§ **Dataset content**:
<<<<

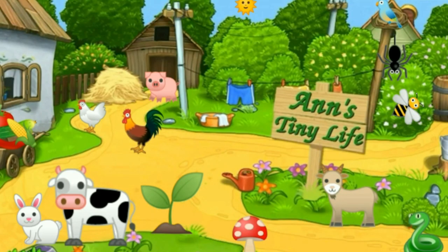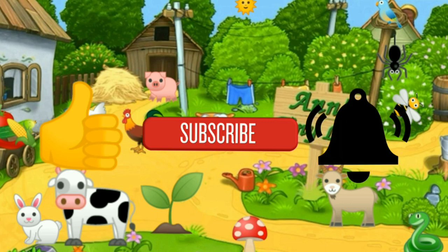Thanks for watching everybody! I hope you enjoyed the video. Make sure you like, subscribe, hit the bell, and y'all have a good one!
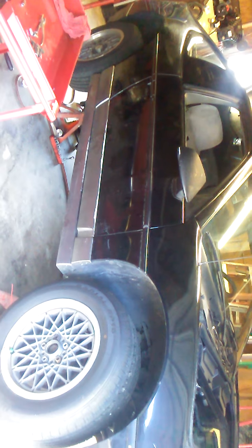So I'm under here doing a fuel pump. I've got to do a clutch right now. And I'm going to crawl underneath here and show you something that I've seen.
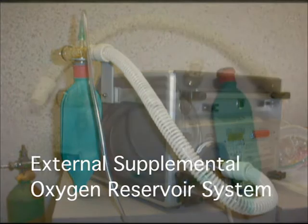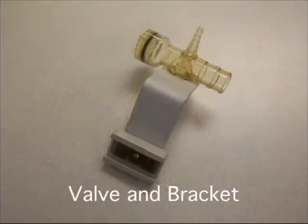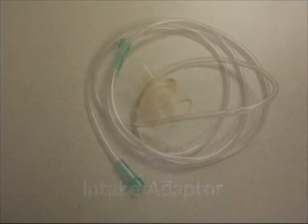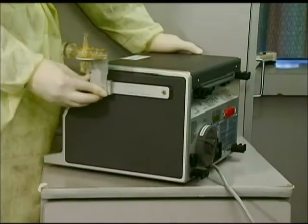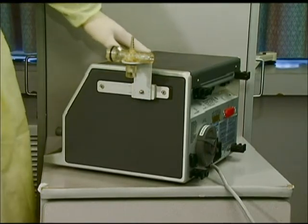The external supplemental oxygen reservoir system consists of several key pieces: the valve and bracket, corrugated hose, oxygen tubing, intake adapter, and the reservoir bag. Attach the valve and bracket assembly to the side of the ventilator unit by sliding the grooved opening onto the accessory arm.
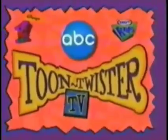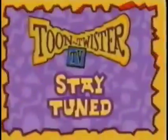Hey kids, it's almost time for Toon Twister TV. Toon what? Toon Twister TV.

>>>>

§ **Task prompt**:
Transcribe the whole listing above exactly and leave out the pictures.

§ **Solution for this exercise**:
Thanks for watching everybody! I hope you enjoyed the video. Make sure you like, subscribe, hit the bell, and y'all have a good one!
So I'm under here doing a fuel pump. I've got to do a clutch right now. And I'm going to crawl underneath here and show you something that I've seen.
The external supplemental oxygen reservoir system consists of several key pieces: the valve and bracket, corrugated hose, oxygen tubing, intake adapter, and the reservoir bag. Attach the valve and bracket assembly to the side of the ventilator unit by sliding the grooved opening onto the accessory arm.
Hey kids, it's almost time for Toon Twister TV. Toon what? Toon Twister TV.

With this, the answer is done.